1. proxy computes the same argument commitment the decision record names;
2. issued credential binds tool name, normalized arguments, constraint profile, phase, and decision id;
3. downstream verifier accepts without a proxy round trip only when those bindings match;
4. missing credential, stale phase, wrong constraint profile, changed arguments, or replayed credential fails before upstream call;
5. deny and fail-closed outcomes emit positive GovernanceOutcome records rather than relying on absence of a tool response.

The key fixture is a constrained tool call with a valid credential, then the same call with one field changed. The first reaches the gateway. The second is blocked before the upstream tool sees it, and the resulting record explains which binding failed.

That makes the release more than an implementation detail. It proves the contract can be enforced at the MCP boundary without making the application tool responsible for rediscovering authorization.

[safal207]

@vaaraio Thanks — this is a strong reference implementation for the contract boundary discussed here.

The important property is not only that a credential exists, but that it is bound to the attestation digest and argument commitment, independently verifiable downstream, and rejected before the constrained call reaches the upstream. That gives us a concrete implementation shape for the credential_bound_tool_authority conformance case.
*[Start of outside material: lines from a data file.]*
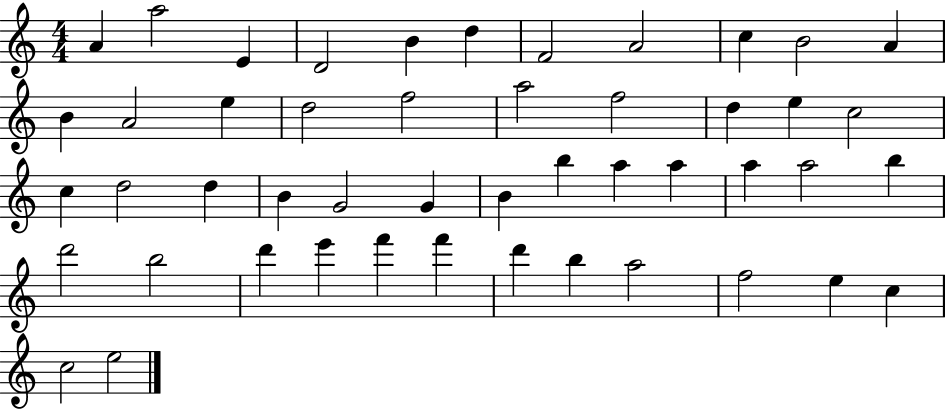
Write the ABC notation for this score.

X:1
T:Untitled
M:4/4
L:1/4
K:C
A a2 E D2 B d F2 A2 c B2 A B A2 e d2 f2 a2 f2 d e c2 c d2 d B G2 G B b a a a a2 b d'2 b2 d' e' f' f' d' b a2 f2 e c c2 e2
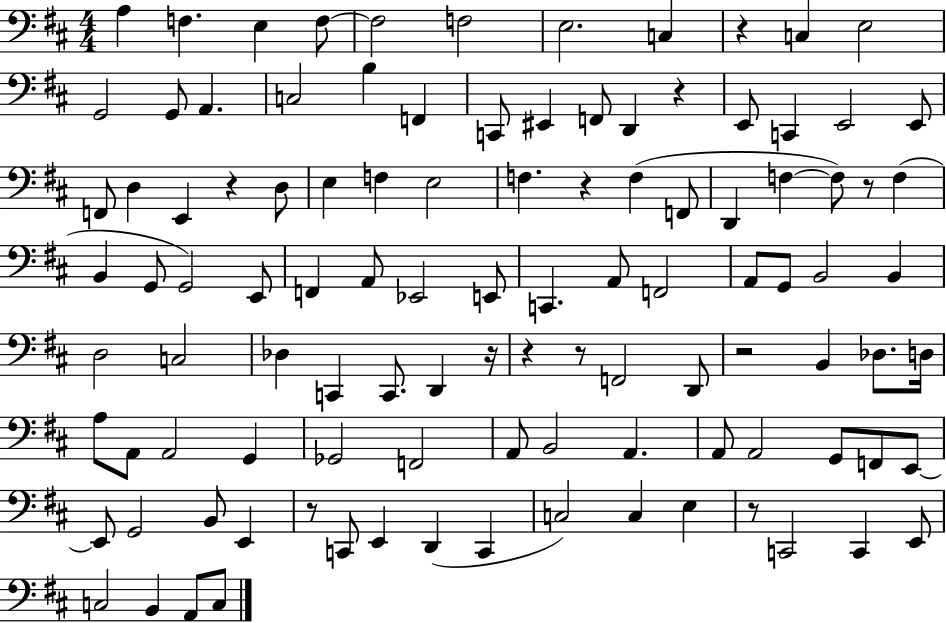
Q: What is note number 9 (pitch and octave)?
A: C3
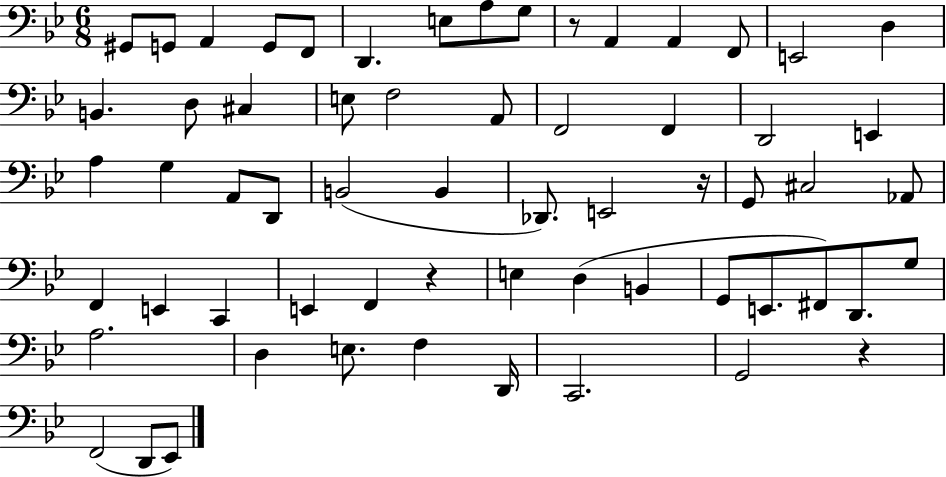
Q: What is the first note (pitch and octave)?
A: G#2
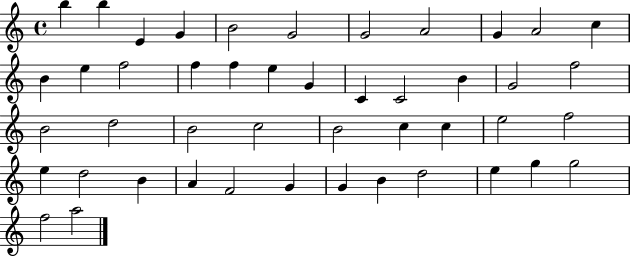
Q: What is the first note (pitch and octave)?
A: B5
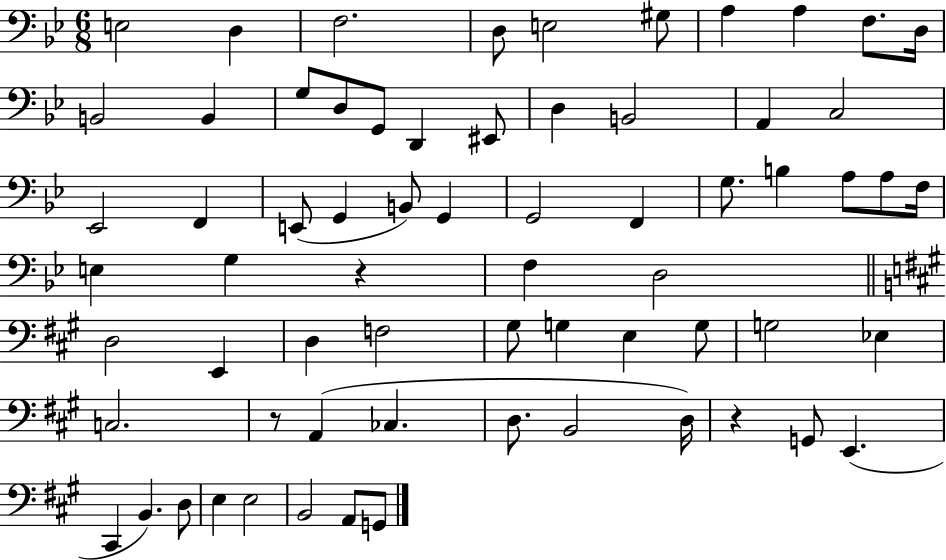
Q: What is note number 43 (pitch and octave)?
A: G#3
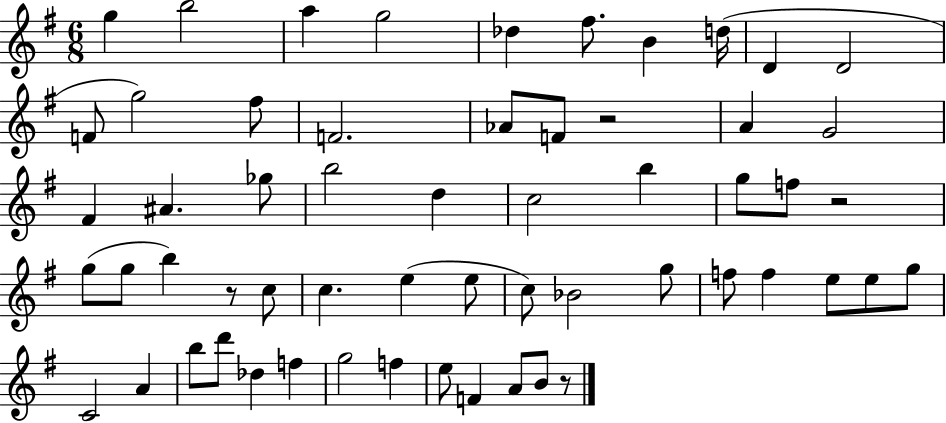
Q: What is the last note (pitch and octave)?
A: B4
I would keep the credential and the execution receipt explicitly distinct in the contract:

• the credential carries spendable authority for the exact scoped call;
• the decision/outcome records explain and prove what was authorized and what actually happened;
• a missing, expired, tenant-mismatched, or argument-mismatched credential must fail closed before side effect;
• the deny path should still produce a positive governance outcome rather than only an absent upstream response.

The verifier and corpus being usable without importing Vaara is especially useful: it makes this viable as an external conformance target rather than a framework dependency. I’ll use the v1.15.0 behavior as a reference when tightening the corresponding LS fixture and cross-engine vectors.

[safal207]

@vaaraio This is very useful. credential_binding_v0 looks like the right level of specificity for a cross-engine fixture: it tests the spendability of authority at runtime without requiring the framework itself to know Vaara internals.

The minimal shared naming I’d suggest keeping stable across LS / Vaara-style fixtures is:

• pos_valid_grant: credential matches runtime tool, args/commitment, tenant, and attestation scope;
• neg_wrong_tool: credential minted for one tool cannot authorize another;
• neg_wrong_args: changed argument commitment fails before upstream;
• neg_wrong_tenant: tenant/scope mismatch fails before upstream;
• neg_expired_or_superseded: stale authority cannot be spent;
• neg_missing_credential: constrained call without credential fails closed;
• pos_blocked_outcome: deny path still emits a concrete governance outcome/receipt.

That gives us a clean boundary:

1. normalization decides what exact action identity the decision binds to;
2. credential binding decides whether that authority can be spent now;
3. outcome/receipt proves what happened, including blocked-before-upstream cases.

If v1.16.0 ships those cases as a corpus/verifier, I’d treat it as a reference fixture for the LS credential_bound_tool_authority track.